Süddeutsche Zeitung

FC Augsburg:Vom Schlurfer zum Sprinter

Florian Niederlechner verkörpert wie kein Zweiter den Augsburger Stil.

Von Sebastian Fischer

Er hatte gesehen, dass der Torwart unsicher wirkte, er hatte es schon zweimal versucht, also sprintete er ein drittes Mal auf ihn zu. Es muss weh getan haben, als Florian Niederlechner mit Rune Jarstein zusammenstieß, dem Torhüter von Hertha BSC. Niederlechner blieb danach jedenfalls erst mal liegen. Aber er hatte den Ball gewonnen, das Tor für seinen Mitspieler Sergio Cordova vorbereitet und eine rote Karte für Jarstein provoziert, der Cordova beim Torschuss foulte. Und Niederlechner hatte damit gezeigt, wie gut seine größte Stärke derzeit zum FC Augsburg passt.

"Das ist mein Spiel, ganz klar", sagt er zu jener Szene beim 4:0 gegen Hertha BSC vor zwei Wochen, die Trainer Martin Schmidt in der Videoanalyse ausdrücklich lobte, weil sie exemplarisch sein soll für den Augsburger Stil, den Gegner aggressiv anzulaufen. Vor der Begegnung mit Mainz 05 an diesem Samstag hat Niederlechner sechs Tore geschossen und zwei vorgelegt. Er widerspricht nicht, wenn man ihn fragt, ob er gerade, mit 29, vielleicht so gut sei wie nie.

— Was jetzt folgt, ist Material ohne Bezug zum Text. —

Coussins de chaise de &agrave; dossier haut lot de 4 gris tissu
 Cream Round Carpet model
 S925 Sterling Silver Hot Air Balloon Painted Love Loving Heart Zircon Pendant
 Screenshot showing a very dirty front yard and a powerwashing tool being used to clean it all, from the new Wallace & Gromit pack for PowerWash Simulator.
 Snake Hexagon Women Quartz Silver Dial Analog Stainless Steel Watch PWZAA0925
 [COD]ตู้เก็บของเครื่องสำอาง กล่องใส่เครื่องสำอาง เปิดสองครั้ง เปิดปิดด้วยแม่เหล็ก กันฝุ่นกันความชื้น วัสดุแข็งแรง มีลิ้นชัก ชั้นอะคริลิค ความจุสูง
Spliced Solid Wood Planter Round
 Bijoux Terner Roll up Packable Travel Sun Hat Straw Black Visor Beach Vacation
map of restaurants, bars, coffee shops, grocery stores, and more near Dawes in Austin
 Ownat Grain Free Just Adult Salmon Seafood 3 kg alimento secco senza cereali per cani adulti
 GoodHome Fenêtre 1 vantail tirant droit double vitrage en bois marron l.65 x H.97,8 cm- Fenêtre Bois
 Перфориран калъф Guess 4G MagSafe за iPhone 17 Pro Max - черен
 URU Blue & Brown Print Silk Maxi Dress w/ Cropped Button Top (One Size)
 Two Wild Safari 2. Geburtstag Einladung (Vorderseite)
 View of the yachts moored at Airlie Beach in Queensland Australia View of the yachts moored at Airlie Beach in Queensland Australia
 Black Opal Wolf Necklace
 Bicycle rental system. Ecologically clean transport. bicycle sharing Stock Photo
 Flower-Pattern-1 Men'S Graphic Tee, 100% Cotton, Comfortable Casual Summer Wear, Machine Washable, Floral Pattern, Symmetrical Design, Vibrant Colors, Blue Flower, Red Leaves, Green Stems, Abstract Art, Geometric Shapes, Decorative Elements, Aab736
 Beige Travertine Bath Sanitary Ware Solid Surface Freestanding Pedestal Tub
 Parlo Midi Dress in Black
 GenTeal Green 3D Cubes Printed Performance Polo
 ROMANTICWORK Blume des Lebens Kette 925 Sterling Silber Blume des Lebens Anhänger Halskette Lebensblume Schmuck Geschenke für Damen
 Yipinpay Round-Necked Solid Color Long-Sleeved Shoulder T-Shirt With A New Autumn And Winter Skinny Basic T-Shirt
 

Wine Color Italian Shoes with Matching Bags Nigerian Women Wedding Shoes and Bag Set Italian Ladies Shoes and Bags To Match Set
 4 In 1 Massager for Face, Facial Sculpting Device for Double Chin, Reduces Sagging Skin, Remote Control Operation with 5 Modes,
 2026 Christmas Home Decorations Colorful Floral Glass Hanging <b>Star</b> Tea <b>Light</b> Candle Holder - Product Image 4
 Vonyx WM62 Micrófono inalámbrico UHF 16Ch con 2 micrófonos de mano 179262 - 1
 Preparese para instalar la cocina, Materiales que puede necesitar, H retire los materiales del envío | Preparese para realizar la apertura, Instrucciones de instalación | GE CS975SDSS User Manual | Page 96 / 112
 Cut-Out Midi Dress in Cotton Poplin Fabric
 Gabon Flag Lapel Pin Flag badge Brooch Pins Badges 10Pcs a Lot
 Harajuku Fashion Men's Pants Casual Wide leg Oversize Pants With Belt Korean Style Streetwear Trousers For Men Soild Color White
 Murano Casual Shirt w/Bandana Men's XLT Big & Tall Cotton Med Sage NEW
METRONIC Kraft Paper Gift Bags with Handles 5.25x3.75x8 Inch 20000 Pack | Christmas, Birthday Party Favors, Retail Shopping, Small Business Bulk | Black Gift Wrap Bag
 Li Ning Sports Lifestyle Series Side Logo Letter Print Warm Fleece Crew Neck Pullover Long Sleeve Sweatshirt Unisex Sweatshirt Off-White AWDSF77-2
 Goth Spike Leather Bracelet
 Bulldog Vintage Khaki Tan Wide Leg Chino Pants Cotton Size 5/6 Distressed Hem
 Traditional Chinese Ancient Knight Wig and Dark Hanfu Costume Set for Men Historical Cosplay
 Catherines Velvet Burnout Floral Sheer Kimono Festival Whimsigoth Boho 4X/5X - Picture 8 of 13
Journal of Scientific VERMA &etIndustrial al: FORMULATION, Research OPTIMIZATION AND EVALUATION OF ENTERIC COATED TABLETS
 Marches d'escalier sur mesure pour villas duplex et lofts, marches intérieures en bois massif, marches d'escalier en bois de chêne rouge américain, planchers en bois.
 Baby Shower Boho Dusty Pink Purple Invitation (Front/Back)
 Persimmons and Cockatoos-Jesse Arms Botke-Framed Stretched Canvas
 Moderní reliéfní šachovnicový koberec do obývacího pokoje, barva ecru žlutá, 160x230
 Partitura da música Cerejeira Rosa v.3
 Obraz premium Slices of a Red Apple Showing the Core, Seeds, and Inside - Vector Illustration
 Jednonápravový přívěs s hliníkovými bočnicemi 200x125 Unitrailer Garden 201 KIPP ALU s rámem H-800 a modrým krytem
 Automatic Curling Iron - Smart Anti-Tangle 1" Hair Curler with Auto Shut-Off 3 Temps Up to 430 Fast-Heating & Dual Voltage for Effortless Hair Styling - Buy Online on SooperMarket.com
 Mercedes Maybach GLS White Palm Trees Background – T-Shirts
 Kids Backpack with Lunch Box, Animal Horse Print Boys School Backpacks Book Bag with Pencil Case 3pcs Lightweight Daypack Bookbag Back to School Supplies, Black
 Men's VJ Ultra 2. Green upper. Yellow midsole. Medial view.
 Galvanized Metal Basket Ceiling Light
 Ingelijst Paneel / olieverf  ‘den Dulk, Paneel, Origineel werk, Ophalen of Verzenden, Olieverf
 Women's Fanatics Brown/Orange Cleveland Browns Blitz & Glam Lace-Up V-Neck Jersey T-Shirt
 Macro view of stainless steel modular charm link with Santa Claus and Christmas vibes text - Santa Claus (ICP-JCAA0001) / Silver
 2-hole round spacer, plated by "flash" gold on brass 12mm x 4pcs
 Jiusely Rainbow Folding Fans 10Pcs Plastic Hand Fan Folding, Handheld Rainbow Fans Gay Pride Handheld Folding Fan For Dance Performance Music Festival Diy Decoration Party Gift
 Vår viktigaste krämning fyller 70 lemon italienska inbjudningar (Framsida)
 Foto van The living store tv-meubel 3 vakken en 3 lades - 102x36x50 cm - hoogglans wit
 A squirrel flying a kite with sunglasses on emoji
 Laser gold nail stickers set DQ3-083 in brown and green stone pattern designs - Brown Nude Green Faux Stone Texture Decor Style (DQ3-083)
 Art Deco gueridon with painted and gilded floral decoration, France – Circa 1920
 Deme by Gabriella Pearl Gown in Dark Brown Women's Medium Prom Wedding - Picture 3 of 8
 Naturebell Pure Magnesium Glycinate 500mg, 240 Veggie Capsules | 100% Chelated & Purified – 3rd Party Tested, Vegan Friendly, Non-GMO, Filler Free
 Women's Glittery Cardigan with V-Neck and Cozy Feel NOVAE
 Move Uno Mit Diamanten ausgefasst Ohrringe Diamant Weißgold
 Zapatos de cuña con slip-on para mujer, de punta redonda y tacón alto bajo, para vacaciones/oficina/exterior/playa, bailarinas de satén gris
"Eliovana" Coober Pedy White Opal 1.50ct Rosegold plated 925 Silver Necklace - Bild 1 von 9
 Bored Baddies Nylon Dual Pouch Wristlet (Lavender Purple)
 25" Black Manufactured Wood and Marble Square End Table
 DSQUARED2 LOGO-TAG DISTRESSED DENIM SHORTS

Die Saison des FC Augsburg ist nach einem schwachen Start eine vorerst solide. Die im Sommer konfuse Defensive hat an Sicherheit gewonnen. Torhüter Tomas Koubek passieren zwar immer noch Fehler wie beim 1:1 in Köln am vergangenen Samstag, aber er hat auch schon wichtige Bälle gehalten. Kapitän Daniel Baier, 35, macht es gerade so viel Spaß, dass er sein Karriereende weiter in die Zukunft verschoben hat. Und für die Offensive, die immerhin in elf von 13 Spielen für mindestens ein Tor gut war, steht kein Spieler derart wie Niederlechner, der immer von Beginn an spielte, zuerst als Mittelstürmer und zuletzt als hängende Spitze, so viele Minuten wie kein anderer Feldspieler. Wenn man ihn fragt, dann ist seine Geschichte die einer Heimkehr zur richtigen Zeit. "Als Stürmer passiert viel im Kopf", sagt er. "Da bin ich momentan sehr gut."

"Ich war noch nicht so weit"

Niederlechner, geboren in Ebersberg bei München, einst ausgemustert in der B-Jugend beim TSV 1860, der erst mit 20, als ausgebildeter Industriekaufmann, zum Drittligisten SpVgg Unterhaching in den Profifußball wechselte, war schon mal Spieler unter Schmidt. 2015 ging er aus Heidenheim nach Mainz. "Ich war noch nicht so weit", sagt er heute, nach einem halben Jahr wechselte er zum SC Freiburg, zunächst in die zweite Liga. Dort sei er zu dem Fußballer geworden, der er jetzt ist.

Trainer Christian Streich machte aus dem Stürmer, der zu Beginn seiner Zeit im Erwachsenenfußball, in der Landesliga bei Falke Markt Schwaben, noch mit einem eher schlurfenden Laufstil aufgefallen war, einen auf das Spiel gegen den Ball spezialisierten Athleten. Gerade ist er in der Bundesliga unter den Top 50 der Profis mit den meisten Sprints. Und man kann sich keinen Verteidiger vorstellen, der sich freut, wenn Niederlechner, 1,87 Meter groß und bullig, auf ihn zu rennt. Der Fußball, den Schmidt in Augsburg sehen will, Pressing und schnelles Umschalten, "ist genau mein Spiel", sagt Niederlechner.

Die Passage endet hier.